Но, несмотря на все свои победы, исторический абсолютизм продолжает сталкиваться с непобедимым стремлением человеческой природы, секрет которой хранит Средиземноморье, всегда считавшее ум родным братом безжалостному солнечному свету. Бунтарская мысль, мысль Коммуны или революционного синдикализма, не переставала яростно противопоставлять его и буржуазному нигилизму, и нигилизму цезаристского социализма. Авторитарная мысль в результате трех войн и физического уничтожения бунтарской элиты поглотила эту освободительную традицию. Но ее жалкая победа носит временный характер, и битва не кончена. Европа всегда существовала в этой борьбе между полднем и полночью. Она деградирует, только дезертируя с этой войны и заменяя день ночью. Сегодня мы видим самые спелые плоды этого нарушенного равновесия. Лишенные своей посреднической роли, оторванные от природной красоты, мы снова погружаемся в мир Ветхого Завета, зажатые между жестокими фараонами и неумолимыми небесами.
Тогда посреди всеобщего ничтожества возрождается старый порыв, и природа снова восстает против истории. Разумеется, речь идет не о том, чтобы что-либо подвергнуть презрению или превозносить одну цивилизацию над другой, а о том, чтобы просто сказать, что существует философия, без которой современный мир не сможет долго обходиться. Разумеется, в русском народе есть то, что способно придать Европе жертвенную силу, а в Америке - то, что может сообщить ей необходимую созидательную мощь. Но юность мира по-прежнему существует на тех же берегах. Брошенные в истерзанную Европу, где, лишенная красоты и дружбы, умирает самая гордая из рас, мы, средиземноморцы, по-прежнему живы тем же светом. Во тьме европейской ночи солнечная мысль двуликой цивилизации ждет своего восхода.
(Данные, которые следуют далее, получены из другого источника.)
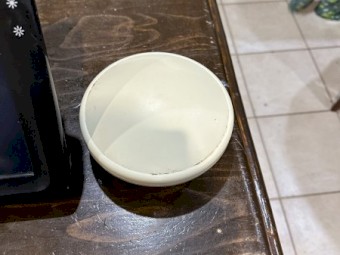 Trimble 1000 GPS Screen Unlocked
Но она уже освещает пути к истинному господству.
Истинное господство состоит в том, чтобы отдать должное предрассудкам времени, прежде всего самому глубокому и самому горькому из них, требующему, чтобы человек, освобожденный от излишеств, был сведен к убогому послушанию. Чрезмерность может быть святой, это правда, но лишь ценой ницшеанского безумия. Что такое душевное опьянение, выставляющее себя напоказ на сцене нашей культуры, - все то же головокружение чрезмерности, все то же помешательство на невозможном, оставляющее след ожога на каждом, кто хоть раз с ним соприкоснулся? Разве Прометей хоть когда-нибудь принимал облик илота или прокурора? Нет, наша цивилизация выживает в самодовольстве трусливых и злобных душ, в мелком тщеславии постаревших подростков. Вместе с Богом умер и Люцифер, и из его пепла возродился мелкий бес, не понимающий даже, что за авантюры он затевает. В 1950 году чрезмерность всегда означает благоустроенность, а иногда и карьеру. Напротив, мера - это вечное напряжение. Наверное, она улыбается, и наши труженики апокалипсиса, сотрясаясь в конвульсиях, ее за это презирают. Но эта улыбка сияет на вершине бесконечного усилия - в ней заключена дополнительная мощь. С какой стати мы должны принимать эти отчаянные судороги измельчавших европейцев, являющих нам лик скудости и разучившихся улыбаться, за высший образец?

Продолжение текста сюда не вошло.